(Task inputs Opens)

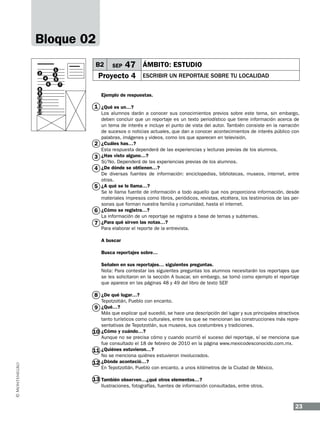 Bloque 02
4
6
8
9
10
11
12
13

B2

1
3
5

2

SEP

47 ÁMBITO: ESTUDIO

Proyecto 4

ESCRIBIR UN REPORTAJE SOBRE TU LOCALIDAD

7

Ejemplo de respuestas.

1 ¿Qué es un…?

2
3
4
5

6
7

Los alumnos darán a conocer sus conocimientos previos sobre este tema, sin embargo,
deben concluir que un reportaje es un texto periodístico que tiene información acerca de
un tema de interés e incluye el punto de vista del autor. También consiste en la narración
de sucesos o noticias actuales, que dan a conocer acontecimientos de interés público con
palabras, imágenes y videos, como los que aparecen en televisión.
¿Cuáles has…?
Esta respuesta dependerá de las experiencias y lecturas previas de los alumnos.
¿Has visto alguno…?
Sí/No. Dependerá de las experiencias previas de los alumnos.
¿De dónde se obtienen…?
De diversas fuentes de información: enciclopedias, bibliotecas, museos, internet, entre
otras.
¿A qué se le llama…?
Se le llama fuente de información a todo aquello que nos proporciona información, desde
materiales impresos como libros, periódicos, revistas, etcétera, los testimonios de las personas que forman nuestra familia y comunidad, hasta el internet.
¿Cómo se registra…?
La información de un reportaje se registra a base de temas y subtemas.
¿Para qué sirven las notas…?
Para elaborar el reporte de la entrevista.
A buscar
Busca reportajes sobre…
Señalen en sus reportajes… siguientes preguntas.
Nota: Para contestar las siguientes preguntas los alumnos necesitarán los reportajes que
se les solicitaron en la sección A buscar, sin embargo, se tomó como ejemplo el reportaje
que aparece en las páginas 48 y 49 del libro de texto SEP
.

8 ¿De qué lugar…?

Tepotzotlán, Pueblo con encanto.

9 ¿Qué…?

Más que explicar qué sucedió, se hace una descripción del lugar y sus principales atractivos
tanto turísticos como culturales, entre los que se mencionan las construcciones más representativas de Tepotzotlán, sus museos, sus costumbres y tradiciones.
10 ¿Cómo y cuándo…?
Aunque no se precisa cómo y cuando ocurrió el suceso del reportaje, sí se menciona que
fue consultado el 18 de febrero de 2010 en la página www.mexicodesconocido.com.mx.
11 ¿Quiénes estuvieron…?
No se menciona quiénes estuvieron involucrados.
12 ¿Dónde aconteció…?
En Tepotzotlán, Pueblo con encanto, a unos kilómetros de la Ciudad de México.

13 También observen…¿qué otros elementos…?
Ilustraciones, fotografías, fuentes de información consultadas, entre otros.

23

 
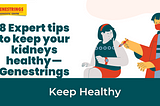 Tips to keep kidneys healthy — Genestrings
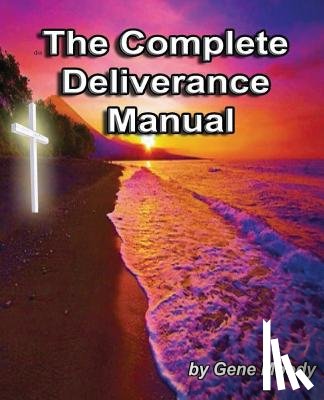 Moody, Gene M. - The Complete Deliverance Manual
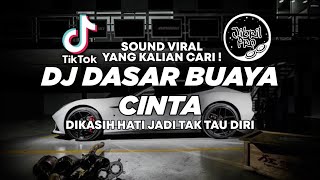 DJ DASAR BUAYA CINTA  DJ DIKASIH HATI JADI TAK TAHU DIRI TIKTOK VIRAL 2023 FULL BASS [upl. by Laikeze]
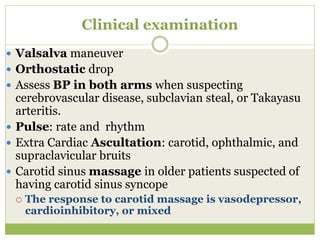 Clinical examination
 Valsalva maneuver
 Orthostatic drop
 Assess BP in both arms when suspecting
cerebrovascular disease, subclavian steal, or Takayasu
arteritis.
 Pulse: rate and rhythm
 Extra Cardiac Ascultation: carotid, ophthalmic, and
supraclavicular bruits
 Carotid sinus massage in older patients suspected of
having carotid sinus syncope
 The response to carotid massage is vasodepressor,
cardioinhibitory, or mixed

(Task inputs Closes)

Return every line of the data above exactly, and omit all pictures.

 Bloque 02
4
6
8
9
10
11
12
13

B2

1
3
5

2

SEP

47 ÁMBITO: ESTUDIO

Proyecto 4

ESCRIBIR UN REPORTAJE SOBRE TU LOCALIDAD

7

Ejemplo de respuestas.

1 ¿Qué es un…?

2
3
4
5

6
7

Los alumnos darán a conocer sus conocimientos previos sobre este tema, sin embargo,
deben concluir que un reportaje es un texto periodístico que tiene información acerca de
un tema de interés e incluye el punto de vista del autor. También consiste en la narración
de sucesos o noticias actuales, que dan a conocer acontecimientos de interés público con
palabras, imágenes y videos, como los que aparecen en televisión.
¿Cuáles has…?
Esta respuesta dependerá de las experiencias y lecturas previas de los alumnos.
¿Has visto alguno…?
Sí/No. Dependerá de las experiencias previas de los alumnos.
¿De dónde se obtienen…?
De diversas fuentes de información: enciclopedias, bibliotecas, museos, internet, entre
otras.
¿A qué se le llama…?
Se le llama fuente de información a todo aquello que nos proporciona información, desde
materiales impresos como libros, periódicos, revistas, etcétera, los testimonios de las personas que forman nuestra familia y comunidad, hasta el internet.
¿Cómo se registra…?
La información de un reportaje se registra a base de temas y subtemas.
¿Para qué sirven las notas…?
Para elaborar el reporte de la entrevista.
A buscar
Busca reportajes sobre…
Señalen en sus reportajes… siguientes preguntas.
Nota: Para contestar las siguientes preguntas los alumnos necesitarán los reportajes que
se les solicitaron en la sección A buscar, sin embargo, se tomó como ejemplo el reportaje
que aparece en las páginas 48 y 49 del libro de texto SEP
.

8 ¿De qué lugar…?

Tepotzotlán, Pueblo con encanto.

9 ¿Qué…?

Más que explicar qué sucedió, se hace una descripción del lugar y sus principales atractivos
tanto turísticos como culturales, entre los que se mencionan las construcciones más representativas de Tepotzotlán, sus museos, sus costumbres y tradiciones.
10 ¿Cómo y cuándo…?
Aunque no se precisa cómo y cuando ocurrió el suceso del reportaje, sí se menciona que
fue consultado el 18 de febrero de 2010 en la página www.mexicodesconocido.com.mx.
11 ¿Quiénes estuvieron…?
No se menciona quiénes estuvieron involucrados.
12 ¿Dónde aconteció…?
En Tepotzotlán, Pueblo con encanto, a unos kilómetros de la Ciudad de México.

13 También observen…¿qué otros elementos…?
Ilustraciones, fotografías, fuentes de información consultadas, entre otros.

23

 
 Tips to keep kidneys healthy — Genestrings
 Moody, Gene M. - The Complete Deliverance Manual
 DJ DASAR BUAYA CINTA  DJ DIKASIH HATI JADI TAK TAHU DIRI TIKTOK VIRAL 2023 FULL BASS [upl. by Laikeze]
 Clinical examination
 Valsalva maneuver
 Orthostatic drop
 Assess BP in both arms when suspecting
cerebrovascular disease, subclavian steal, or Takayasu
arteritis.
 Pulse: rate and rhythm
 Extra Cardiac Ascultation: carotid, ophthalmic, and
supraclavicular bruits
 Carotid sinus massage in older patients suspected of
having carotid sinus syncope
 The response to carotid massage is vasodepressor,
cardioinhibitory, or mixed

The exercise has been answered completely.